Esses capítulos não nos querem dar um ensinamento científico para satisfazer a
nossa curiosidade; querem, sim, fazer-nos refletir sobre o essencial: a nossa condição
de homens, a nossa situação perante Deus, as nossas divisões trágicas, a nossa confrontação
com uma natureza hostil e, finalmente, o sentido de uma história da qual somos
ao mesmo tempo espectadores e atores.
Infelizmente
para os nossos contemporâneos, esses capítulos não evocam muitas vezes mais do
que grandes imagens de Epinal: a serpente no paraíso terreal, a árvore do fruto
proibido, a fuga de Caim depois do assassinato de Abel, a arca flutuante sobre
as águas do dilúvio, a torre de Babel...
Desde as
representações medievais até às pinturas do Renascimento, repetiram-se muitas
vezes esses temas como se os seus simbolismos ocultos fossem uma fonte de
inspiração inesgotável.
Mas o progresso das ciências deu-lhes um golpe mortal.

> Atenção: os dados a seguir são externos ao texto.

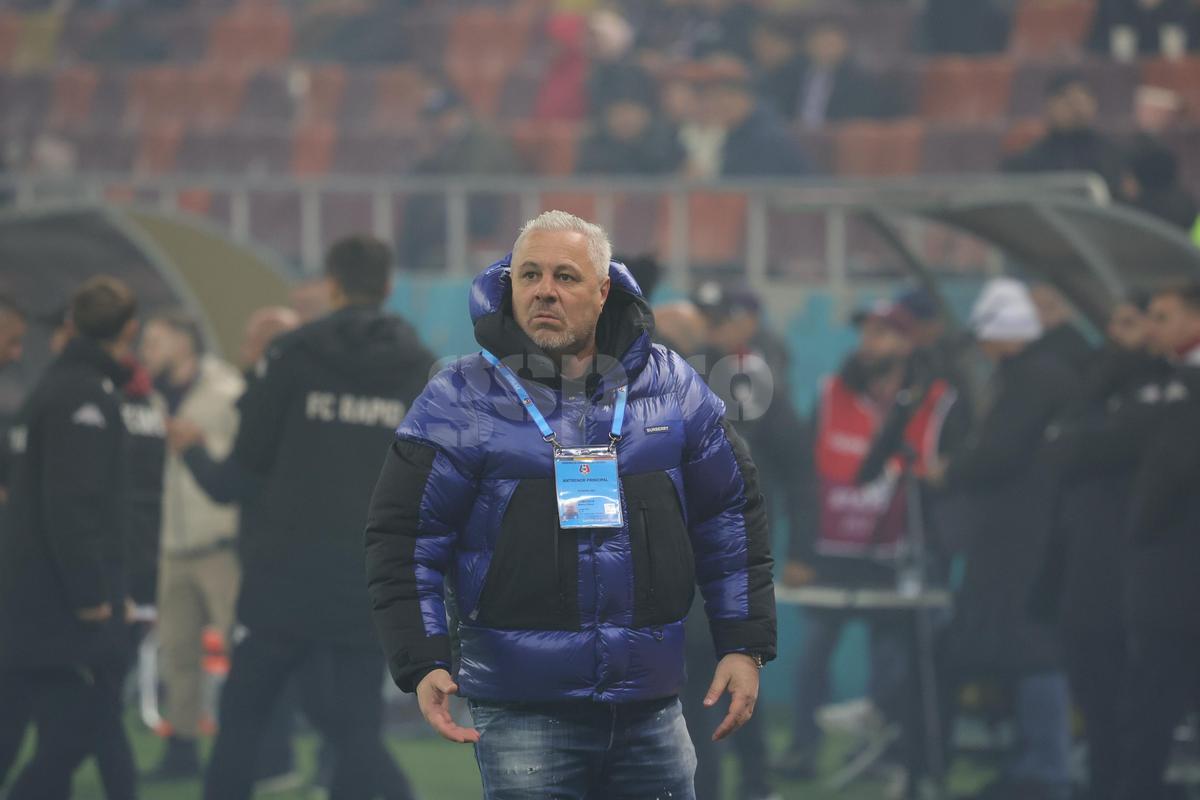 Gestul lui Marius Șumudică la adresa galeriei Rapidului » Tehnicianul a avut o criză de nervi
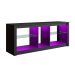 Rack para TV até 55 Polegadas com LED Leo Preto 136 cm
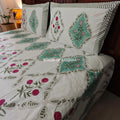Gulmohar Premium Organic Cotton Handblock Bedsheet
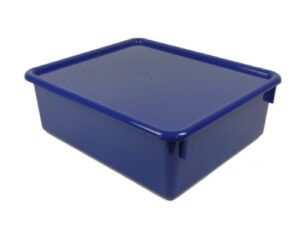 romanoff, blue double stowaway tray with lid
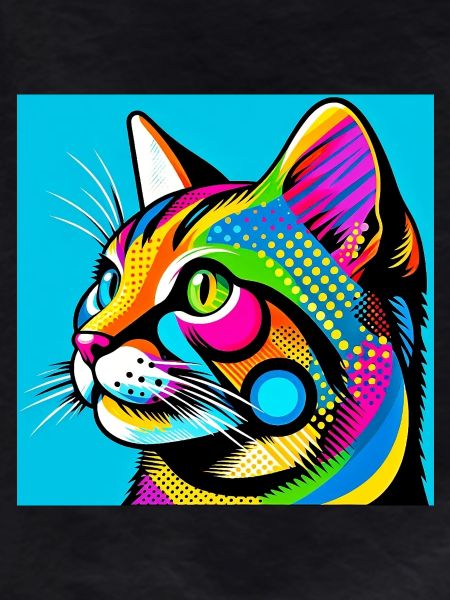 Cat Pop Art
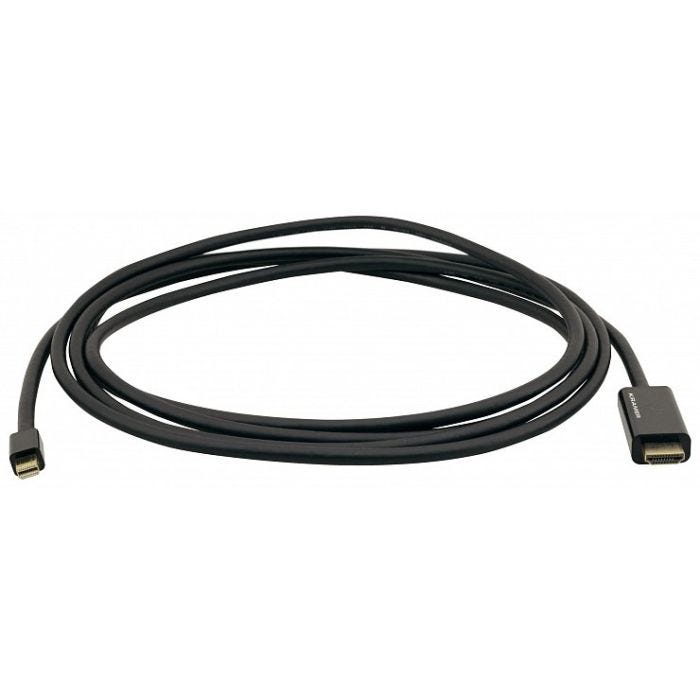 Kramer Electronics C-MDP/HM/UHD-10 3 m HDMI Type A (Standard) Mini DisplayPort Noir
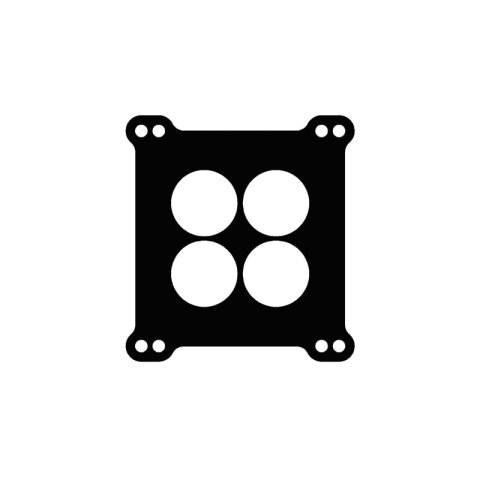 Cometic Holley 4 BBL .060in Fiber Carburetor Mounting Gasket - 4 Hole - 1.750in Holes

Hoje, é possível acreditar na
formação do corpo humano do barro, aceitar a geografia do paraíso primitivo, a realidade histórica de Caim
e Abel, a universalidade do dilúvio, o desaparecimento do género humano em
plena época urbana...
Além disso,
para muitos homens do nosso tempo, as grandes imagens do Génesis perderam, se
não o seu atrativo estético, pelo menos o seu sentido e o seu valor.
Que verdade
se lhes pode reconhecer, se elas estão cientificamente desqualificadas, se são
testemunhos anacrónicos duma cultura primitiva?
A questão
põe-se em termos brutais: pode ser-se ao mesmo tempo crente e homem de ciência?
Trata-se dum
problema sério, ao qual não podemos fugir. Mas, para o olhar de frente, é preciso
começar por varrer várias atitudes de espírito, falsas no seu principio e
desastrosas nos seus resultados.
Por um lado,
está a suficiência intelectual dum cientista obtuso: «tudo o que é anterior à
idade científica carece de interesse»: por outro, está a desconfiança mórbida perante as investigações
científicas ou históricas: quantos são os que se fecham, neste ponto, num
concordismo estreito (1).
A única atitude realmente sã é a duma
investigação crítica séria, empreendida à luz da fé, para iluminar a
literalidade dos textos bíblicos.
Mas para chegar
a isso, temos de dar uma volta, situando os textos dentro do contexto histórico
e cultural onde eles foram tomando forma. Todos os textos humanos são
assim.
No caso presente,
estes onze capítulos representam duas etapas na reflexão religiosa de Israel: escritos
no século X e no século VI antes da nossa era, são uma verdadeira
catequese destinada a instruir os crentes daquelas épocas.
Os seus autores
exprimiram-se habitualmente na linguagem corrente do seu tempo; eles utilizam os
materiais e os modos de expressão comuns entre outros povos, especialmente
na Mesopotâmia.
Uma comparação
minuciosa dos textos bíblicos com os seus paralelos mesopotâmicos permite discernir
o que têm de diferente e que traduz a sua mensagem própria.
Quando se chega
a este ponto, é preciso recordar ainda que esta mensagem foi redigida, em
várias ocasiões, num tempo em que a revelação estava ainda muito longe do
seu termo: começada com a vocação de Abraão, só alcançará o seu apogeu em
Jesus Cristo, «Novo Adão».
No fim da
investigação, observar-se-á que estes capítulos, sob as suas «imagens de Epinal»,
respondem à questão essencial que cada século vê reaparecer continuamente no
horizonte: HOMEM, QUEM ÉS TU?
________
(1) O «concordismo» é o erro dos que se empenham, a todo o custo, em fazer
«concordar» a Bíblia com a ciência ou com a história, como se elas abordassem a
realidade sob o mesmo prisma.
Pretende
ver-se, por exemplo, nos «seis dias» da criação, os períodos geológicos, quando
aqueles são, sobretudo, um motivo puramente literário.